Personal information
- Full name: Edward King
- Nickname: "King Edward", "Eddy the King" "Silver Bullet"
- Born: October 9, 1964 (age 61) Philippines
- Height: 1.65 m (5 ft 5 in)
- Weight: 65.8 kg (145 lb)

Team information
- Current team: Retired
- Discipline: Bicycle Motocross (BMX)
- Role: Racer
- Rider type: Off Road

Amateur teams
- 1975-1976: S & W Bike Shop
- 1976-1977: The Bike Shop of El Cajon
- 1977: D.G. Performance Specialties
- 1977-1978: Wheels N' Things/R & R Racing
- 1978: Wheels N' Things/Torker
- 1978-1980: Torker Engineering
- 1980-1983: Diamond Back

Professional team
- 1983-1989: DiamondBack

= Eddy King =

American bicycle motocross rider

Edward King (born October 9, 1964, in the Philippines (in 1970 his family settled in Chula Vista, California)) is an "Old School" former professional Bicycle Motocross (BMX) racer whose prime competitive years were from 1977 to 1985.

Eddy King is the elder of a sibling combinations of Mike & Eddy King in BMX racing. Only the brother combinations of Ronnie & Richie Anderson and Brent & Brian Patterson were more successful. His best known nickname "King Edward" is an obvious play on his name feeding off of the cultural knowledge of famous British kings named Edwards. Other nicknames included "Silver Bullet" "Eddy the King" and "The Dynamic Duo" which he shared with Diamondback teammate Harry Leary. He was particularly dominant as an amateur winning most of his racing titles at that stage of his career. He would go on to be a professional for the remaining six years of his 14-year career. King would stay his entire professional career with Diamondback and would be associated with that company.

==Racing career milestones==

Note: Professional first are on the National level unless otherwise indicated. Included under the title of "National" are American Bicycle Association (ABA) Gold Cup Qualifiers.

| Milestone | Event details |
|---|---|
| Started racing: | Friday January 15, 1975 age 10. He noticed a flyer for a race tacked on the door of his local bicycle shop near his home in San Diego, California and went to the Silver Wing Park track in San Diego, California to watch a few times. After that he decided to race. |
| Sanctioning body: | San Diego BMX Association (SDBMXA). |
| Home sanctioning body district(s): | National Bicycle Association (NBA) District "S" (1975–1981); American Bicycle Association California 2 (CA-2) (1977–1989) |
| First race bike: | A purchase from K-mart in December 1974. It cost US$29.95 |
| First race result: | First Place 9 & 10 year old class.
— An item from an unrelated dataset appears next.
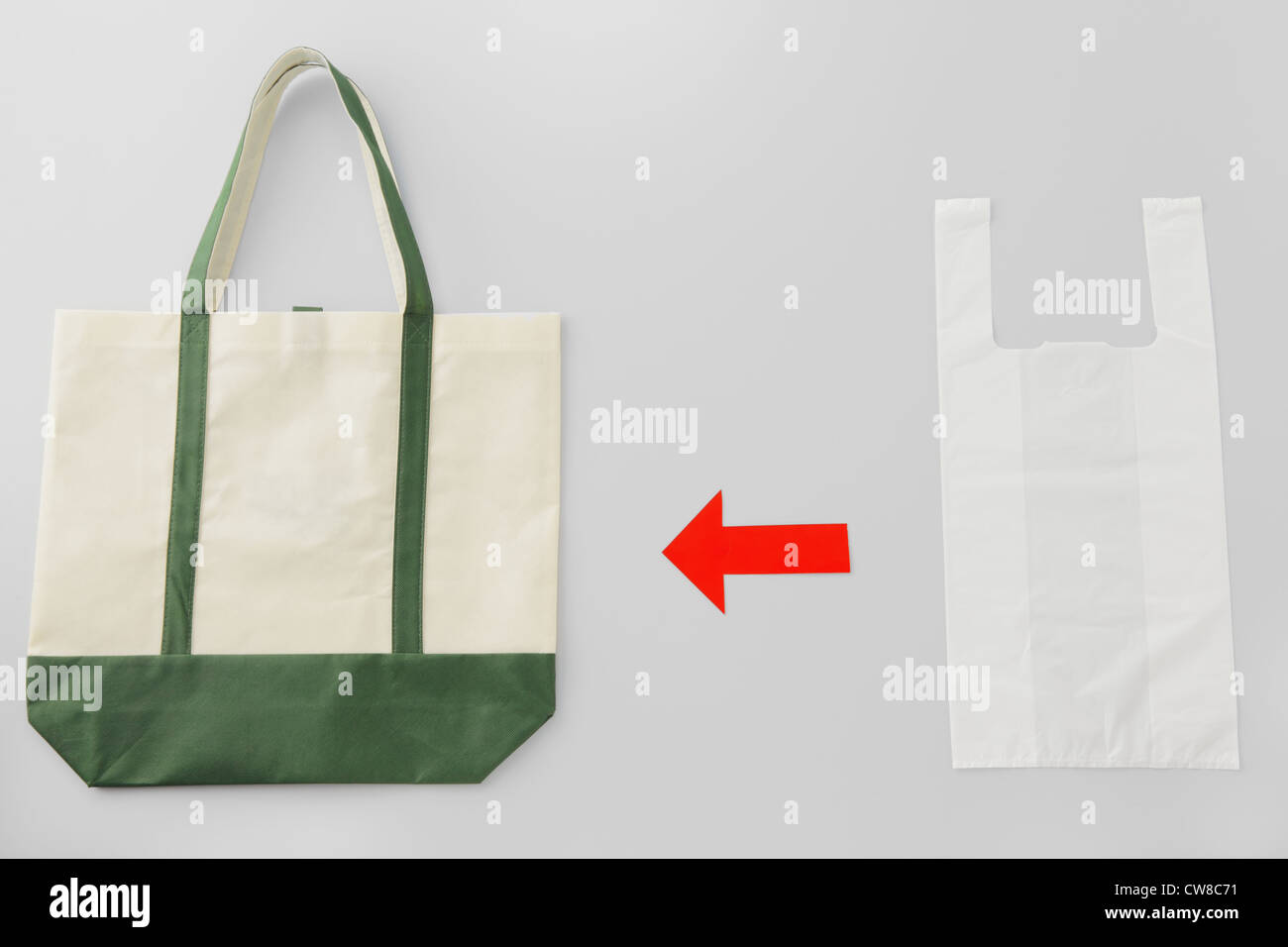 Roter Pfeil-Zeichen zwischen Shopping Bag und Plastiktüte Stockfoto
No proficiency divisions at the time. |
| First win (local): | See above. |
| First sponsor: | S & W Bike Shop in 1975. He was offered a sponsorship the second race he entered. |
| First national win: |  |
| Turned professional: | First week of March 1983. |
| First professional race result: | Made 20" "B" Pro main but DNF'ed (Did Not Finish) at National Bicycle League (NBL) War of the Stars Nationals in Memphis, Tennessee on March 26, 1983 (he collided with a photographer). He won US$25, the equivalent to US$52.03 in 2007 (Cost of Living Calculator Archived 2008-09-14 at the Wayback Machine). |
| First professional win: | "A" Pro main at the American Bicycle Association (ABA) Wheaties Gold Cup Qualifier on April 9, 1983, in Lubbock, Texas on the weekend of ABA the Lone Star National. |
| First Junior Men/pro* race result: | See "First Professional race result" |
| First Junior Men/pro win: | See "First Professional win" |
| First Senior pro** race result: | Crashed in the semi-finals and did not make main in the first of the NBL sanctioned ESPN Pro Spectacular race series on May 8, 1983, in Miami, Florida. He had moved himself up from "B" pro to "A" pro for this race. |
| First Senior pro win: | In "A" Pro on June 4, 1983, at an NBL national in Peoria, Illinois. |
| Height and weight at height of his career (1983): | Ht:5'5 Wt:~145 lbs |

Retired: In February 1989. He was 24 years old. He retired after his contract with Diamondback expired. He was basically burned out of the sport and felt it was time to do other things:

Sparky: "Most of us from time to time decide to more on from companies of employment, but was there any particular reason for leaving DB, was it simply to progress your career?"
Eddy: "I was tired and my body was tired. I had just purchased a new home and I wanted more time to pursue other interests and move forward in a different direction in life. Racing left little to no time for anything but racing, training, traveling, product development, and photo shoots. That is why I retired."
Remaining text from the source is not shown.